» Data to use
- - -

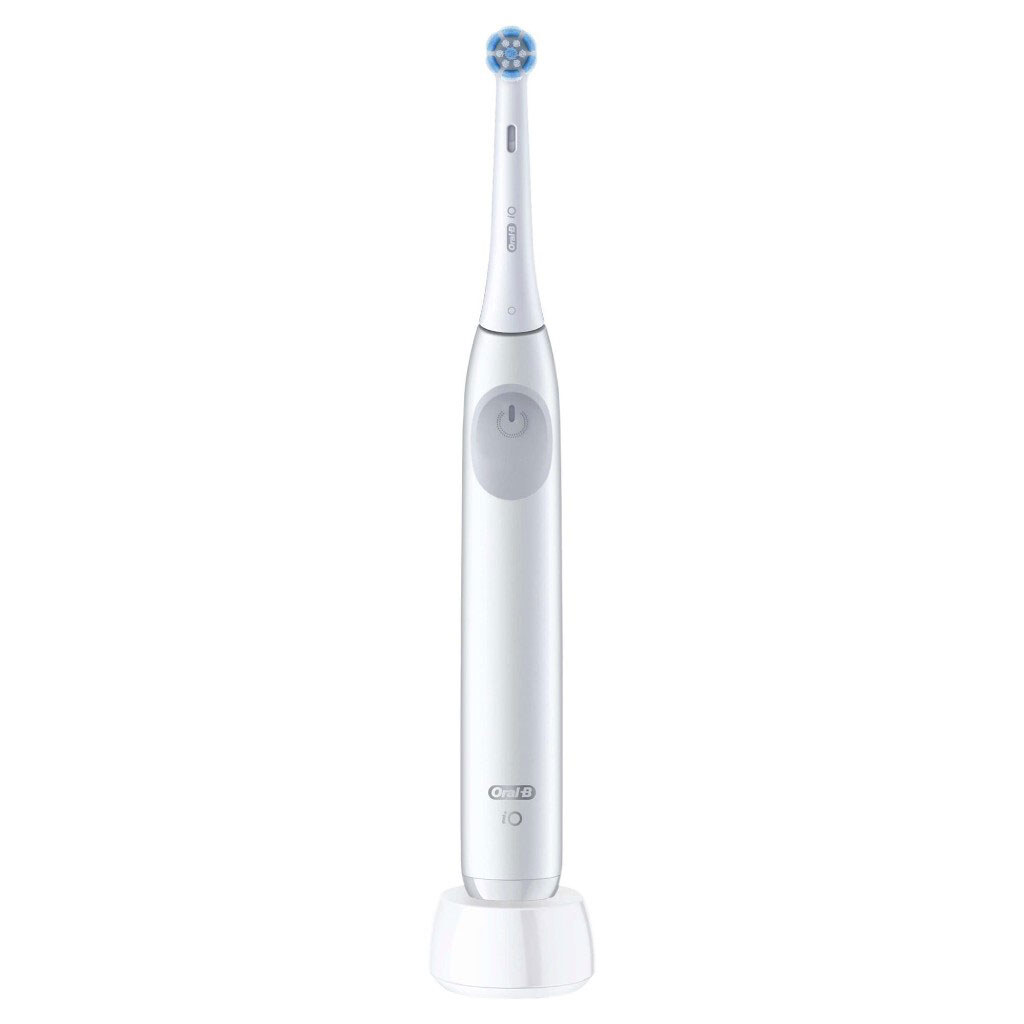 Зубная электрощетка Braun Oral-B iO Series 2 iOS2.1C9.0 Sensi Edition, Белый - № 1 Зубная электрощетка Braun Oral-B iO Series 2 iOS2.1C9.0 Sensi Edition, Белый - № 1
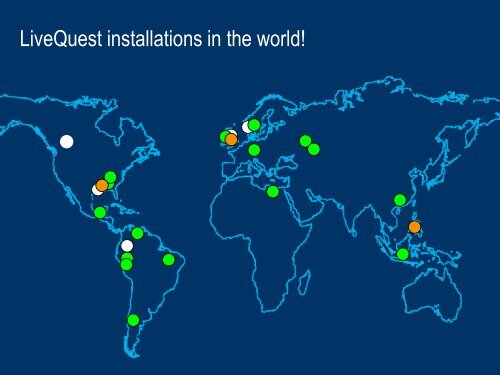 Schlumberger Information Solutions Application Delivery Platform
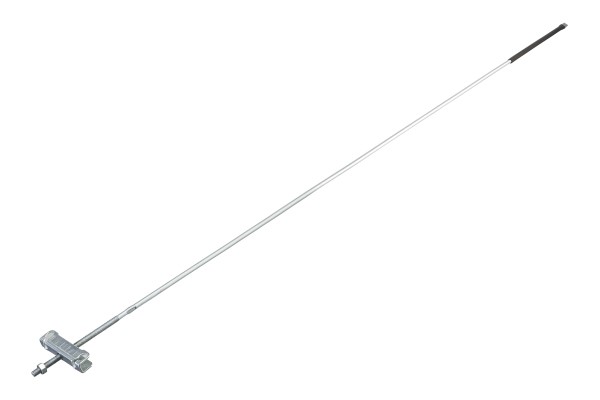 Vajer, parkeringsbroms, Mitt Topran 631 772 TOPRAN
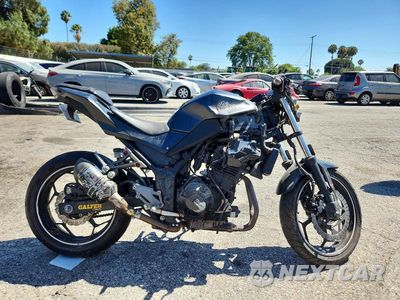 2016 KAWASAKI EX300 A JKAEX8A19GDA28869 - główne zdjęcie licytacji z USA - miniatura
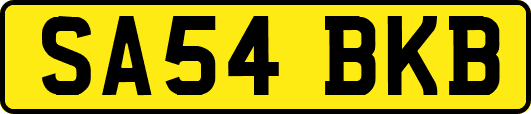 SA54BKB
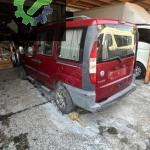 2004 Fiat Doblo Ara Bölme Çıkma Parça İzmir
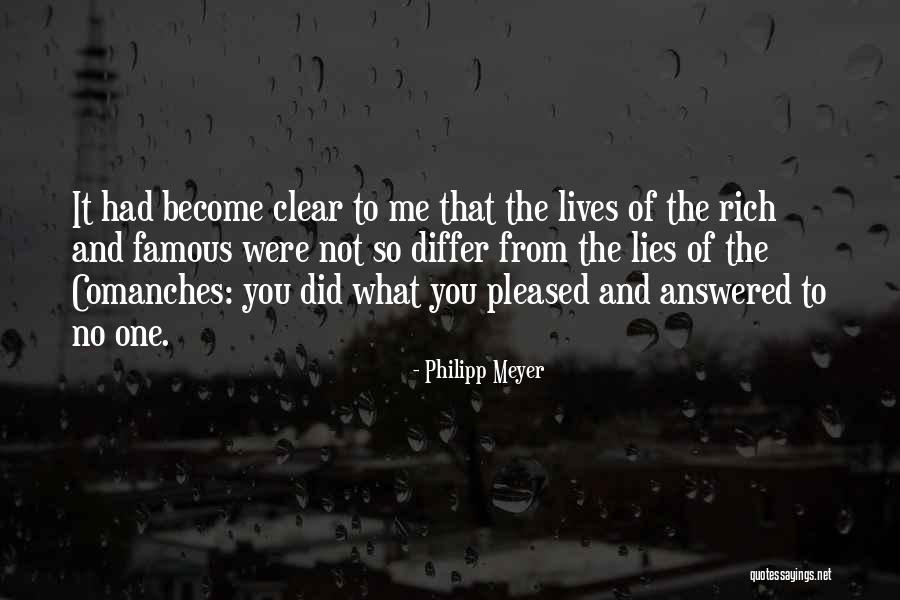 Conzelmann Insurance Quotes By Philipp Meyer Conzelmann Insurance Quotes By Philipp Meyer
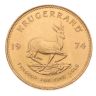 1974 1oz South Africa Krugerrand Coin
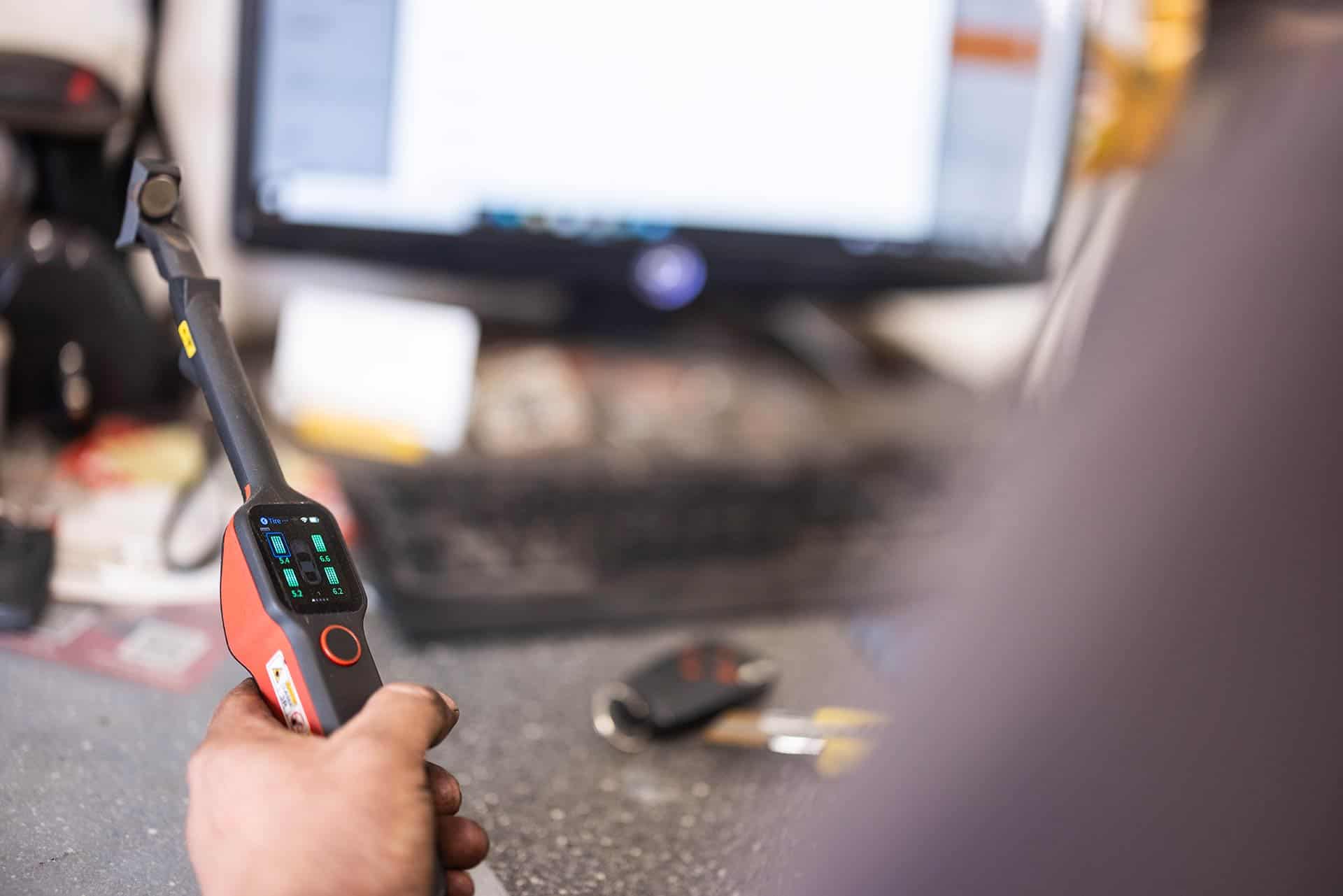 Professionelt autoværksted nær Skælskør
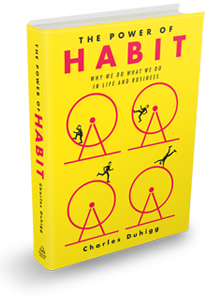 The Power of Habit Book Cover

- - -

» Work instructions
Before copying the material, set its pictures aside; then transcribe it word for word.

» Your response
 Зубная электрощетка Braun Oral-B iO Series 2 iOS2.1C9.0 Sensi Edition, Белый - № 1 Зубная электрощетка Braun Oral-B iO Series 2 iOS2.1C9.0 Sensi Edition, Белый - № 1
 Schlumberger Information Solutions Application Delivery Platform
 Vajer, parkeringsbroms, Mitt Topran 631 772 TOPRAN
 2016 KAWASAKI EX300 A JKAEX8A19GDA28869 - główne zdjęcie licytacji z USA - miniatura
 SA54BKB
 2004 Fiat Doblo Ara Bölme Çıkma Parça İzmir
 Conzelmann Insurance Quotes By Philipp Meyer Conzelmann Insurance Quotes By Philipp Meyer
 1974 1oz South Africa Krugerrand Coin
 Professionelt autoværksted nær Skælskør
 The Power of Habit Book Cover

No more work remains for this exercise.